Deep in vivo Imaging with Multiphoton Excitation Microscope Range from Olympus
Product News Mar 06, 2007
Olympus Life and Material Science Europa GmbH, has introduced a Multiphoton deep fluorescent imaging system. Based on the Olympus FluoView FV1000 confocal Laser Scanning Microscope (cLSM), the MPE system is available in three models providing the highest penetration depths on the market.
Each model incorporates Olympus’s market leading components, such as the UIS2 optics including among others well-known long working distance water-immersion objectives.
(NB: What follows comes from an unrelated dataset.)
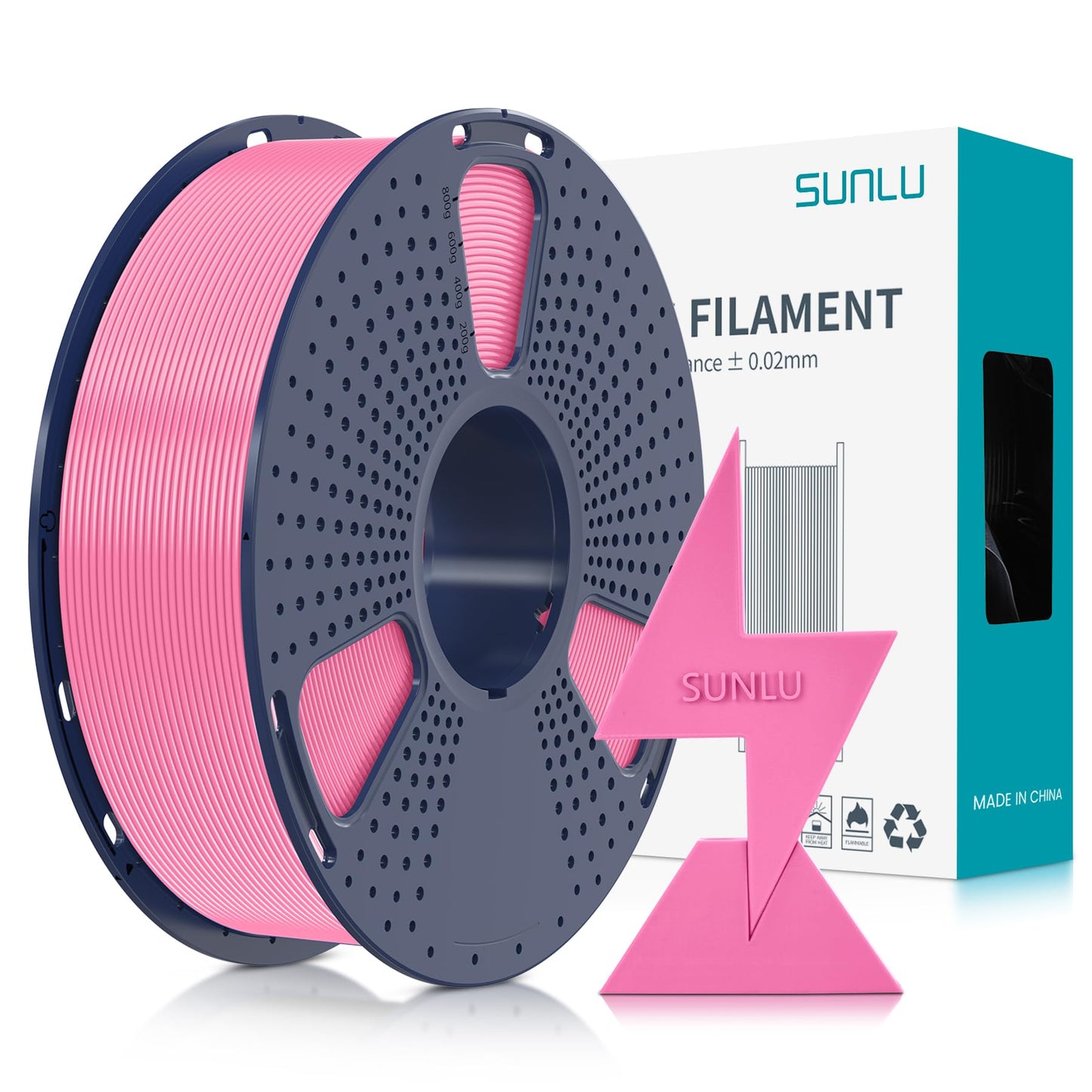 SUNLU High Speed PLA Filament 1.75mm, 30mm/s - 600mm/s Print Range, High Flow Speedy 3D Printer PLA Filament, Designed for Fast Printing, Good for Fast Printing, 1KG Pink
The systems are fully configured to ensure excitation efficiency and thus imaging hundreds of microns deep into a specimen becomes possible.
Each of the three models in the Olympus FV1000MPE range uses IR femtosecond pulsed lasers and non-descanned detectors to cover every multiphoton excitation imaging requirement.
The entry level model is designed to achieve maximum penetration depth with minimal complexity. The advanced models offer IR laser attenuation via an acousto-optical modulator (AOM). This enables the use of all the sophisticated scanning and laser control modes of the FV1000, such as ‘region of interest’ imaging and fly back beam blanking.
The carefully designed laser introduction path with AOM laser control provides negative-chirp laser beam conditioning for the optimum fluorochrome excitation efficiency in MPE applications. This produces a pinpoint photon density precisely at the focal plane in the specimen with minimal damage or photobleaching to living cells.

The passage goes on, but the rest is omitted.